Como Um Terramoto, Um Maremoto E Um Incêndio Em Simultâneo Destruiram Lisboa Completamente

A 1 de Novembro de 1755 as placas tectónicas do Oceano Atlântico sofreram uma mudança repentina que resultou num sisto de uma magnitude compreendida entre 8,7 a 9 na escala de Richter.

Este vídeo conta como o terramoto de 1755, o maremoto que se seguiu e um incêndio de proporções gigantesca destruiram a antiga cidade de Lisboa completamente.


O terramoto, maremoto e incêndio de 1755 que destruiram Lisboa por completo

Pouco antes das nove horas e meia do dia 1 de Novembro de 1755, as placas tectónicas do Oceano Atlântico sofreram uma alteração súbita que provocou um sismo em Lisboa sem precedentes na História da altura.

A sua magnitude atingiu valores entre os 8,7 a 9 na escala de Richter e fez cair as estruturas e prédios da capital do Império Português. Os sobreviventes, apavorados, fugiram para perto do rio Tejo para se protegerem dos edíficios que ruíam.

Todavia, o terramoto foi seguido de maremoto com vagas de 20 metros de altura que varreram a entrada de Lisboa e mataram aqueles que para ali se tinham refugiado.

A destruição ainda não tinha ficado por aqui. Numa cruel partida do destino, centenas de velas tinham sido acendidas nas igrejas em comemoração do Dia de Todos os Santos. Além disso, como na altura não existiam fósforos, as pessoas tinham lamparinas permanentemente acesas para iluminarem em suas casas de dia e de noite. O tremor de terra fez com que as velas e as lamparinas caissem e provocassem um incêndio de proporções gigantescas.

Lisboa, a mais importante capital do séc.
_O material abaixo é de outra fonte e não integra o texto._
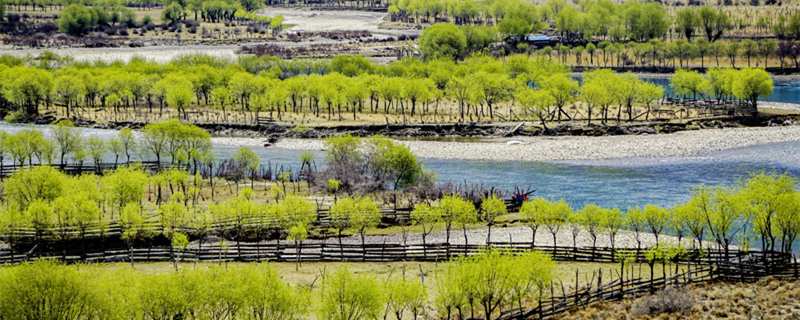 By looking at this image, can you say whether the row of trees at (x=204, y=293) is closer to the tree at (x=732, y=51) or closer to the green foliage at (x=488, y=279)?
the green foliage at (x=488, y=279)

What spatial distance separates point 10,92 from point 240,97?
34835 millimetres

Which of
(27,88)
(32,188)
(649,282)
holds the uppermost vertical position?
(27,88)

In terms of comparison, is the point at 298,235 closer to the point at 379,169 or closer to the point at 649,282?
the point at 379,169

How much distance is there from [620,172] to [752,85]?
4284cm

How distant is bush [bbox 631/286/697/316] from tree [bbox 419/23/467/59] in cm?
13373

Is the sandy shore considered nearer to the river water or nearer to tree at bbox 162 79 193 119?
the river water

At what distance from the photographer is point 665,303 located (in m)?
40.1

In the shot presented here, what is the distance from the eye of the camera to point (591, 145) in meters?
93.4

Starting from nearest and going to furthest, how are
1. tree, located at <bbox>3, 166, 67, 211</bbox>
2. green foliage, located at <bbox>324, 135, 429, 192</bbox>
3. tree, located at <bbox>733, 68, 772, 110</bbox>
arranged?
tree, located at <bbox>3, 166, 67, 211</bbox> → green foliage, located at <bbox>324, 135, 429, 192</bbox> → tree, located at <bbox>733, 68, 772, 110</bbox>

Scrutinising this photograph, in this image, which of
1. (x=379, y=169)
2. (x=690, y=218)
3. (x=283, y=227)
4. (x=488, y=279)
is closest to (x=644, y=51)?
(x=379, y=169)

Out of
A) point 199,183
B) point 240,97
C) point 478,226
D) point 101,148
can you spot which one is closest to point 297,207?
point 478,226

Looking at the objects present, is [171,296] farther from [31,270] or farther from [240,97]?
[240,97]

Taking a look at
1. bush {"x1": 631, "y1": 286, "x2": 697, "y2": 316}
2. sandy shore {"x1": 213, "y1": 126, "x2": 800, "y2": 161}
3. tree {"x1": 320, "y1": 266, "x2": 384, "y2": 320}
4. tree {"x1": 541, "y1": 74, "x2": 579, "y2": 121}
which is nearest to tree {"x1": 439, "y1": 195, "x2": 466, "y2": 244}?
bush {"x1": 631, "y1": 286, "x2": 697, "y2": 316}

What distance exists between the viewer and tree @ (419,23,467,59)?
567ft
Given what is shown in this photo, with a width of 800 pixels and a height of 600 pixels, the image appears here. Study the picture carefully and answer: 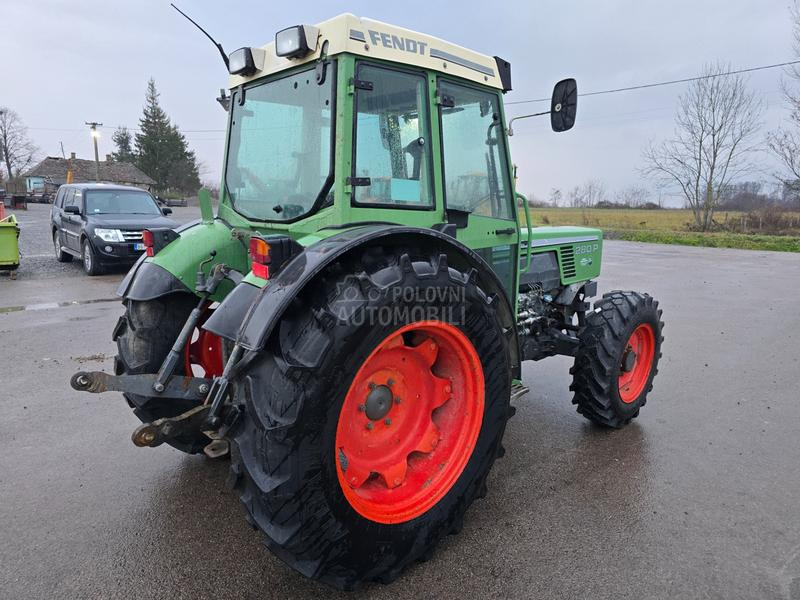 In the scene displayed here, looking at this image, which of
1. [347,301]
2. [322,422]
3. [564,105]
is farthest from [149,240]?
[564,105]

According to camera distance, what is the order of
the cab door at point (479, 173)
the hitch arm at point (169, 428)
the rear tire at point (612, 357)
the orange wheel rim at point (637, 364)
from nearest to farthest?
the hitch arm at point (169, 428), the cab door at point (479, 173), the rear tire at point (612, 357), the orange wheel rim at point (637, 364)

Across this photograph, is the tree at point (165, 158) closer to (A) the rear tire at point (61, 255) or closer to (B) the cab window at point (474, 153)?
(A) the rear tire at point (61, 255)

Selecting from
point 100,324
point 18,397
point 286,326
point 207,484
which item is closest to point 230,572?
point 207,484

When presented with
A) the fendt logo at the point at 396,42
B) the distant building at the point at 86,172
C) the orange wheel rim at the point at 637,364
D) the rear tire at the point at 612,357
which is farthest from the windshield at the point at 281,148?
the distant building at the point at 86,172

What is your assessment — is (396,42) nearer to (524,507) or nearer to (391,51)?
(391,51)

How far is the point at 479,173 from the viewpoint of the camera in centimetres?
304

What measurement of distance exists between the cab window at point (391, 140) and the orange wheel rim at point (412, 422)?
69 cm

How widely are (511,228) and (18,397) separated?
4.12 m

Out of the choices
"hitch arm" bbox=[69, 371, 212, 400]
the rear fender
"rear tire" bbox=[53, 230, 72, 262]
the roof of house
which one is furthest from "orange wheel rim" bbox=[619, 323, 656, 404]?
the roof of house

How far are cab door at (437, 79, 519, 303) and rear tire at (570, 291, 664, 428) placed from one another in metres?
0.78

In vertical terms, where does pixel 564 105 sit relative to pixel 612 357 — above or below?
above

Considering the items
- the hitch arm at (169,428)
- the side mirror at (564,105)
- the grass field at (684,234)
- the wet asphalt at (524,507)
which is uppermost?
the side mirror at (564,105)

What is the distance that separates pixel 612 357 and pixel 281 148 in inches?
97.8

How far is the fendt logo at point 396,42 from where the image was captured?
238 centimetres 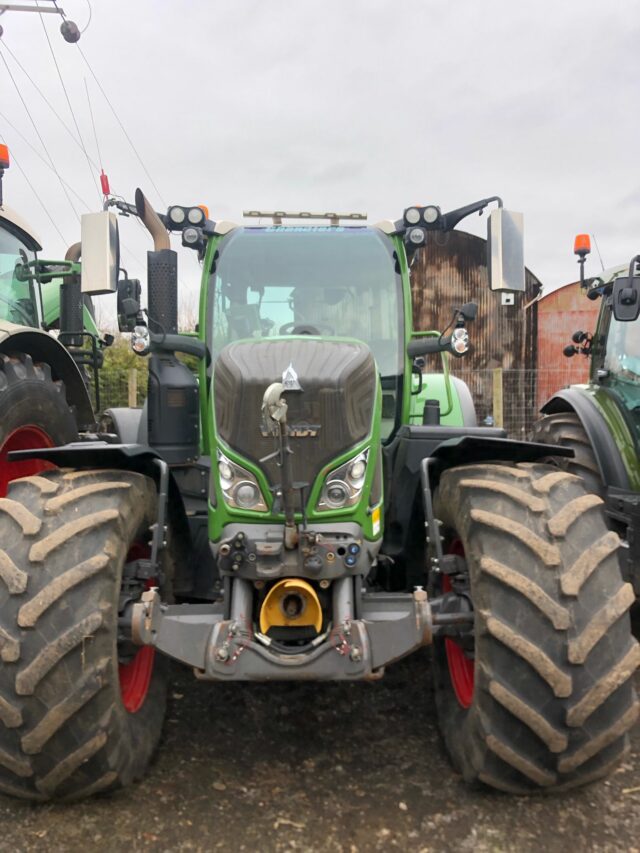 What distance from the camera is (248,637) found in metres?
2.72

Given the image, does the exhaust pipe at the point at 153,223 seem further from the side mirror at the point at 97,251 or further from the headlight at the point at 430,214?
the headlight at the point at 430,214

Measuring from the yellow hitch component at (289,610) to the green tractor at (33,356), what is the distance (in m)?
2.36

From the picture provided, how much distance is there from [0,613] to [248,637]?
83 cm

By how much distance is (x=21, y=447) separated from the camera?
4953mm

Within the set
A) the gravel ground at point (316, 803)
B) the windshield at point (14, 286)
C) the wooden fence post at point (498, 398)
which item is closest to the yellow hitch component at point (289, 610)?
the gravel ground at point (316, 803)

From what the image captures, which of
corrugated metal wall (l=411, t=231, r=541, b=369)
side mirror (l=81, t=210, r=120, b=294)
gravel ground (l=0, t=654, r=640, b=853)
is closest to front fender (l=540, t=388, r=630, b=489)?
gravel ground (l=0, t=654, r=640, b=853)

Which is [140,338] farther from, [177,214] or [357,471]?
[357,471]

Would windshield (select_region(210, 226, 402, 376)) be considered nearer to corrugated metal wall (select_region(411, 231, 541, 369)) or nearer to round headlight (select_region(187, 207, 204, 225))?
round headlight (select_region(187, 207, 204, 225))

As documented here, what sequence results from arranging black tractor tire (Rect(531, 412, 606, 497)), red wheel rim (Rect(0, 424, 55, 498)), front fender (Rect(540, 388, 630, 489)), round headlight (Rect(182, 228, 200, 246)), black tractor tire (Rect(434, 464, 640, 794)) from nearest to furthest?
black tractor tire (Rect(434, 464, 640, 794)) < round headlight (Rect(182, 228, 200, 246)) < red wheel rim (Rect(0, 424, 55, 498)) < front fender (Rect(540, 388, 630, 489)) < black tractor tire (Rect(531, 412, 606, 497))

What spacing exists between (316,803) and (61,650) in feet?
3.58

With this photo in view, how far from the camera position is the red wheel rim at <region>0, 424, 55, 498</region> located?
15.6 ft

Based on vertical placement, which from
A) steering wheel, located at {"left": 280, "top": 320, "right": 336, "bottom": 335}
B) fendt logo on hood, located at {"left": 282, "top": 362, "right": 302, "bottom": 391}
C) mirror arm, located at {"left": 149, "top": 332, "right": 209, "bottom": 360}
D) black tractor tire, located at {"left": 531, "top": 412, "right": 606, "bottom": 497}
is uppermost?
steering wheel, located at {"left": 280, "top": 320, "right": 336, "bottom": 335}

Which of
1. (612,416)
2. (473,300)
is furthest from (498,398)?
(473,300)

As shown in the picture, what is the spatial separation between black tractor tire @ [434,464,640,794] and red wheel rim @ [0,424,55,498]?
2977mm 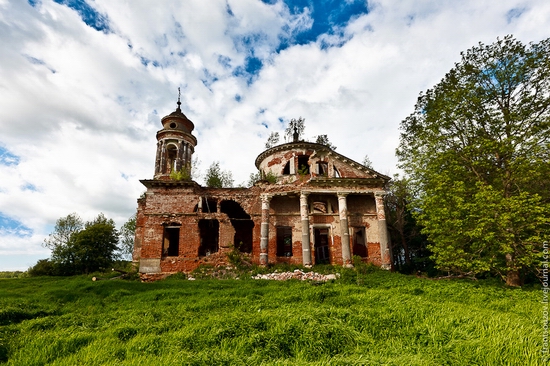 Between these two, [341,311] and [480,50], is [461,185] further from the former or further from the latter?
[341,311]

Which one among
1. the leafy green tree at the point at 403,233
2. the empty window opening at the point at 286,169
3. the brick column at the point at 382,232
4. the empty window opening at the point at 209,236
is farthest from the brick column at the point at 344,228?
the empty window opening at the point at 209,236

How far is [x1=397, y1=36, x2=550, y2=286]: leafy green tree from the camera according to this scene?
11867mm

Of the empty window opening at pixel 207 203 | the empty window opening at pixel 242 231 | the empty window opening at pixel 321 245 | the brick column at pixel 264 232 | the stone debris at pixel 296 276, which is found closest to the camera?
the stone debris at pixel 296 276

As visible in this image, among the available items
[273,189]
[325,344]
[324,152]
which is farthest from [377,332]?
[324,152]

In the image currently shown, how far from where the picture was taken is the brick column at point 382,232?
19281 mm

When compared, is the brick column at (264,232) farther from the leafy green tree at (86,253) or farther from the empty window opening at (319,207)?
the leafy green tree at (86,253)

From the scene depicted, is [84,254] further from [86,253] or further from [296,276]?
A: [296,276]

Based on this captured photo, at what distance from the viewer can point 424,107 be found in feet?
57.9

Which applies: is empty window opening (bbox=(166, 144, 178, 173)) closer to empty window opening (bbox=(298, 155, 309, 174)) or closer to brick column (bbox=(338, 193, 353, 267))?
empty window opening (bbox=(298, 155, 309, 174))

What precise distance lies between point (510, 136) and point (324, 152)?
11.5m

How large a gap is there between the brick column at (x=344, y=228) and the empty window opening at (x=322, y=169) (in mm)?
2500

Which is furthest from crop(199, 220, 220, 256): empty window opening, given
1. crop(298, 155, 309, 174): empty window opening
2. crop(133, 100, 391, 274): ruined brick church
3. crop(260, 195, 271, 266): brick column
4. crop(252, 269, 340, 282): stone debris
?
crop(298, 155, 309, 174): empty window opening

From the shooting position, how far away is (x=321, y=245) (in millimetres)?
22531

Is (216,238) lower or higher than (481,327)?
higher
XVIII, estava destruída.

Fiquem com o vídeo do canal Smithsonian Channel do YouTube que explica em 2 minutos como tudo aconteceu.

O Sismo, Tsunami E Incêndio De 1755 Que Destruiram Lisboa Por Completo



Os reis, numa jogada de sorte, tinham saído de Lisboa para celebrar o dia festivo e sobreviveram ao desastre, embora ainda tivessem sentido o sismo.

Era altura de controlar os danos e pensar no que se poderia fazer. Foi então que Sebastião de Carvalho e Melo, importante estadista da altura (ocupando um cargo homólogo ao actual Primeiro-Ministro), tomou conta das ocorrências. Perante o desespero dos lisboetas, manteve a frieza e ordenou: «agora, é altura de cuidar dos feridos e de enterrar os mortos».

O passo seguinte foi a reconstrução da capital portuguesa. Tarefa que foi planeada minuciosamente, literalmente a régua e esquadro, com toda a cidade a ser redesenhada por arquitectos. Também os edíficios foram pensados de forma diferente. Pela primeira vez, foram introduzidas as "gaiolas", estruturas de madeira que minimizariam eventuais futuros sismos.

O saneamento, as ruas e estradas também foi considerados com grande cuidado. Alguém questionou o Marquês de Pombal da razão de estar a construir as ruas tão largas. Sabiamente, Sebastião de Carvalho e Melo, respondeu: «haverá o tempo em que as acharão estreitas demais».